Kate Bush risks more than she stands to gain from her return to the stage. Money isn’t a motive, otherwise she’d be playing big arenas instead of the smaller, less lucrative Hammersmith Apollo. Nor does her reputation need boosting. So esteemed is she in Britain that she’s gone beyond the status of national treasure to something even more cherished. The French have Marianne, their symbol of republican liberty. The British have Kate, as decent as a cup of tea, as mysterious as Stonehenge.

Her reasons for mounting her first full-scale show in 35 years are unexplained. In 1979, when she brought her Tour of Life concert to the same London venue, she was a tyro of 20 with two precociously brilliant albums to her name, The Kick Inside and Lionheart. But despite plaudits she didn’t tour again. The death of a lighting engineer in an accident after a preview show may have contributed to her decision. Or perhaps it was perfectionism, a trait easier to indulge, or be tormented by, in the studio than on stage.

She announced plans to tour in 1991 but it never materialised. Then nothing – until this year’s surprise announcement of Before the Dawn, a residency of 22 shows at the Hammersmith Apollo, an unexpected feast following the long famine. But has it come too late?

The ovation as she entered was wild, the release of decades of pent-up anticipation. Meanwhile Bush, beaming broadly as she led her backing vocalists on stage in a line, on the verge of breaking into a conga, looked like a stranger to stage fright. “Where have you been?” she said to the audience with a twinkle. The drummer resisted the temptation to add a “ba-dum ching”.

She opened her set not with the bold mix of theatre and music that characterised the Tour of Life, but instead a conventionally delivered sequence of songs – Bush standing centre stage with her band arranged behind her, inventive lighting sparkling around them. Her 16-year-old son Bertie was among the backing singers.

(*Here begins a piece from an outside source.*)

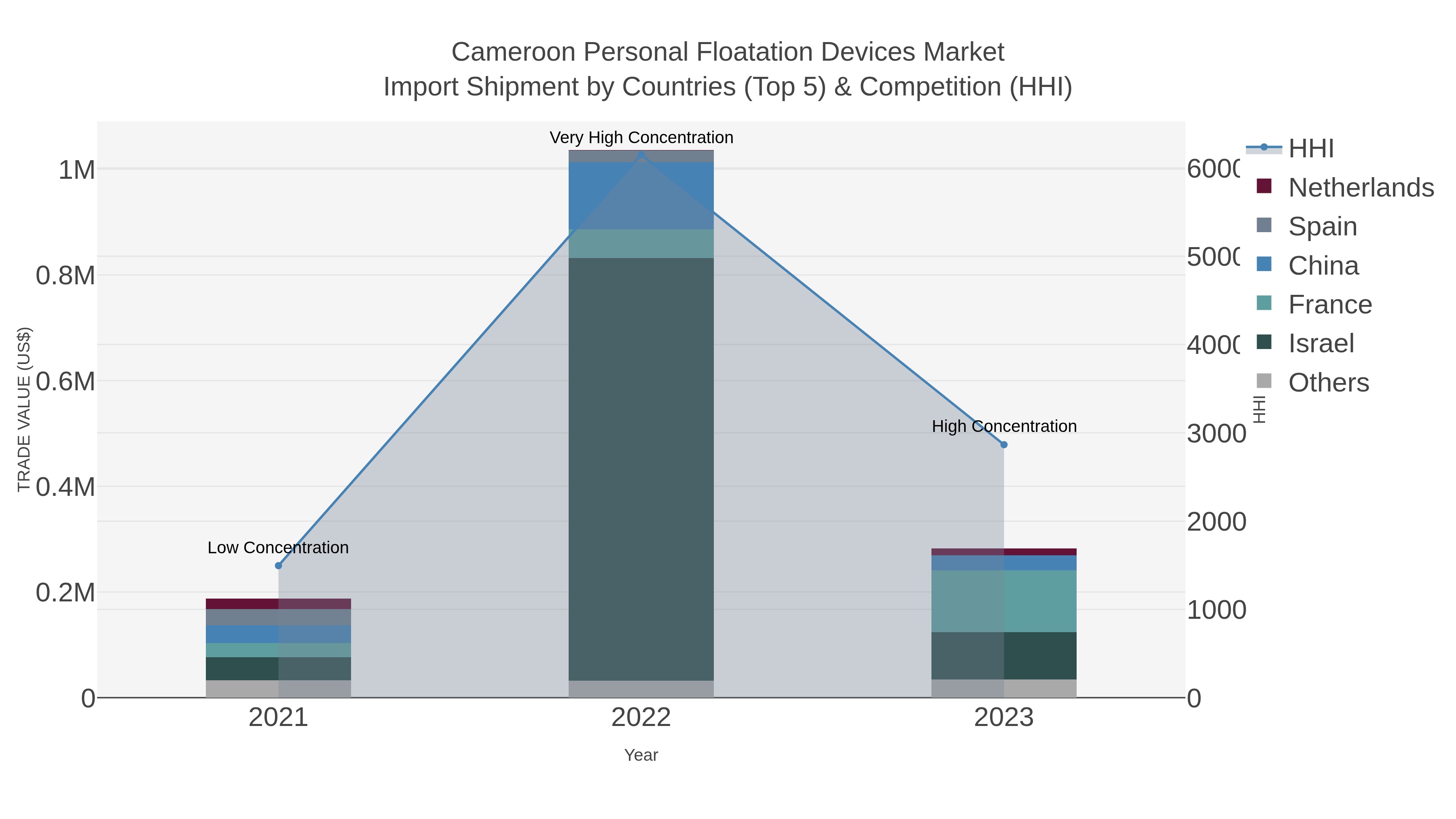 Cameroon Personal Floatation Devices Market Import Shipment by Countries (Top 5) & Competition (HHI)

The first song was “Lily” from 1993’s The Red Shoes, re-recorded by Bush on her 2011 album Director’s Cut, an upbeat gospel-pop number about a child seeking protection. Then came a mix of lesser-known numbers and much-loved hits, the likes of “Joanni” from 2005’s Aerial interspersed with “Hounds of Love” and “Running Up That Hill”.

It was familiar and disorienting at the same time. First there was the shock of seeing Bush on stage. Then there was the mental recalibration required to map the sylph-like singer of memory, her visual style and physical grace imprinted by some of the most famous music videos of the 1980s, on to the plainly black-clad 56-year-old singer on stage – no longer sylph-like, her barefoot movements curtailed to sways and the odd twirl.

Her voice has also grown less acrobatic. She once claimed she was an ordinary vocalist who trained herself to sing outside her range by writing songs in keys she couldn’t reach – a typically stubborn and self-willed act of ambition. But her vocals have lost that old suppleness. The raspy vigour with which she sang impassioned passages was a consolation but her high notes had a strident edge, and at times she sounded unusually tentative negotiating the fluid to-and-fro of her music.

The show changed gear with a peal of thunder and crack of lightning. A rewarding shift back to the musical theatre mode of the Tour of Life followed with a staging of “The Ninth Wave”, a sequence of songs about a shipwrecked woman from the Hounds of Love album.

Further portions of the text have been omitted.